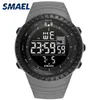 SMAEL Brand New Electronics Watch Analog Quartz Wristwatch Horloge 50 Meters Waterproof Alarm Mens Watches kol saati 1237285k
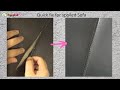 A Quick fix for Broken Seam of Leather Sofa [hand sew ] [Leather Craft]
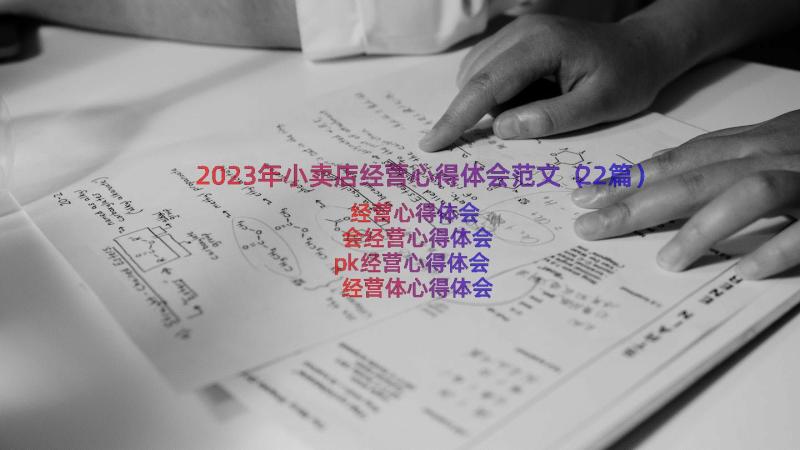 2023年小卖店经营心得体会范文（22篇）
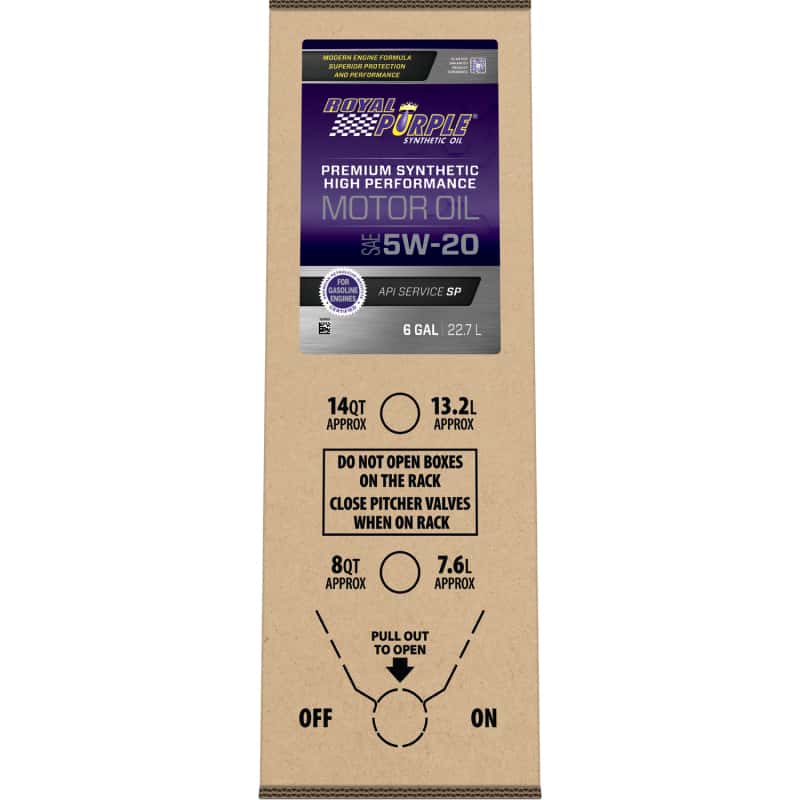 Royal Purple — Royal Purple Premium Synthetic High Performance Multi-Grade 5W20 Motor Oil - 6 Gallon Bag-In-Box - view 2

...

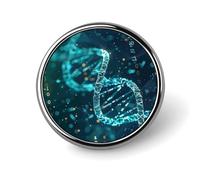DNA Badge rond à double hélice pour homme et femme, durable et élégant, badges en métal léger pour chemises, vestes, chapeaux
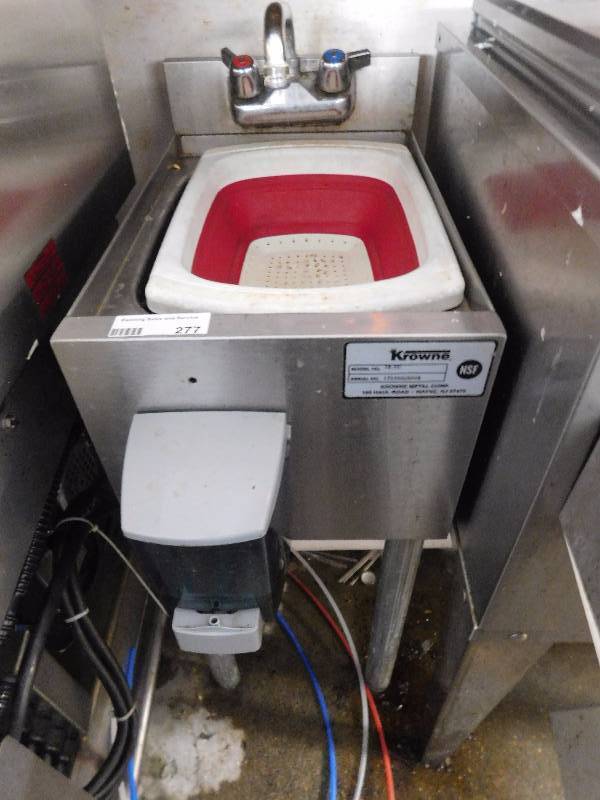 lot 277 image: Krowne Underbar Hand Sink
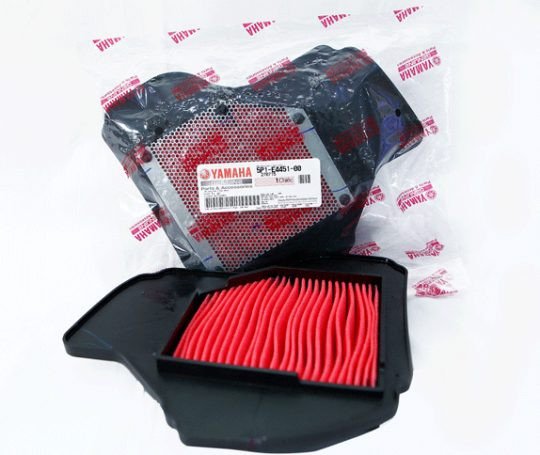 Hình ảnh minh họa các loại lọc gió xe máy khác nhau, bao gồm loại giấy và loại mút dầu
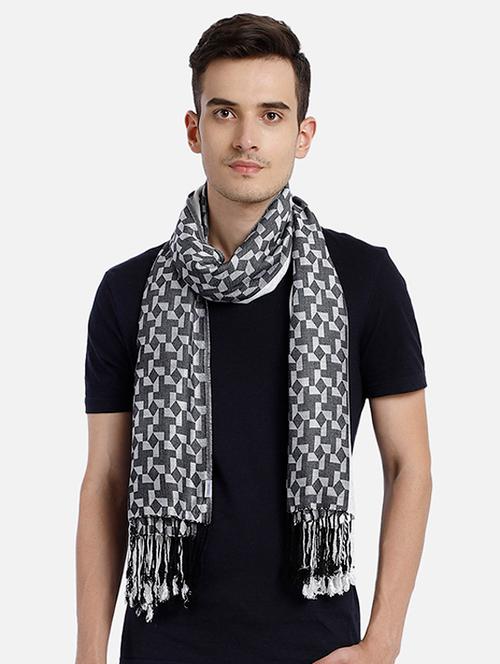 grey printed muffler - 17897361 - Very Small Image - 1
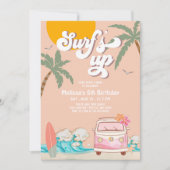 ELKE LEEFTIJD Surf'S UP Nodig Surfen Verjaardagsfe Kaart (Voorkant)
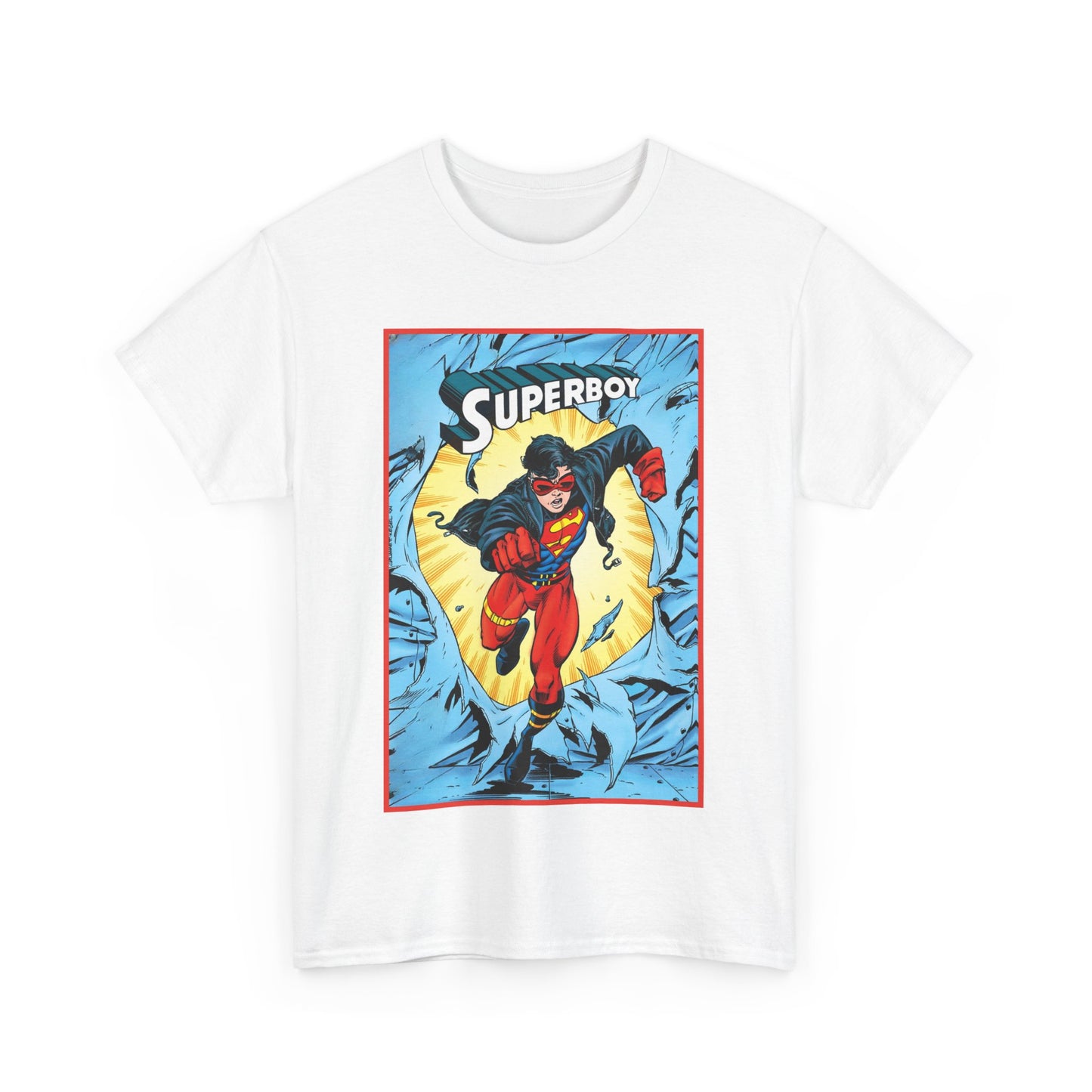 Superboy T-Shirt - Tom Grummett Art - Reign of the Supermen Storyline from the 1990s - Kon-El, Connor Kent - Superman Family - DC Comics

...

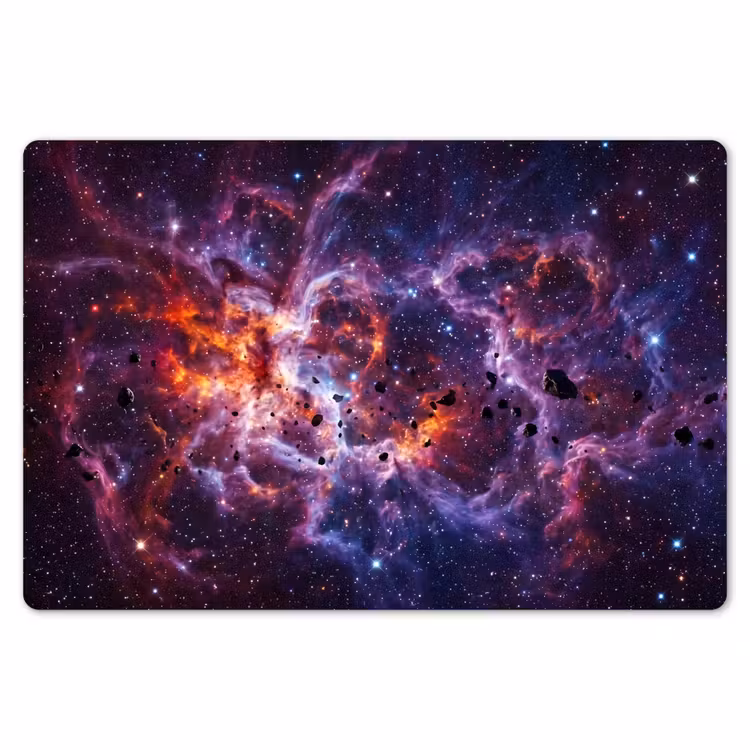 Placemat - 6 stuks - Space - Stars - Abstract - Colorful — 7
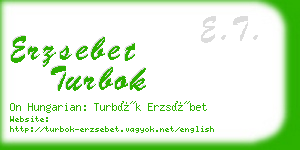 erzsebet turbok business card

** What you will do **
Above are the records; copy exactly the lines from the one with "A Quick fix" through the one with "Royal Purple —", including both, and nothing more. Leave out pictures.

** Response to this exercise **
 A Quick fix for Broken Seam of Leather Sofa [hand sew ] [Leather Craft]
 2023年小卖店经营心得体会范文（22篇）
 Royal Purple — Royal Purple Premium Synthetic High Performance Multi-Grade 5W20 Motor Oil - 6 Gallon Bag-In-Box - view 2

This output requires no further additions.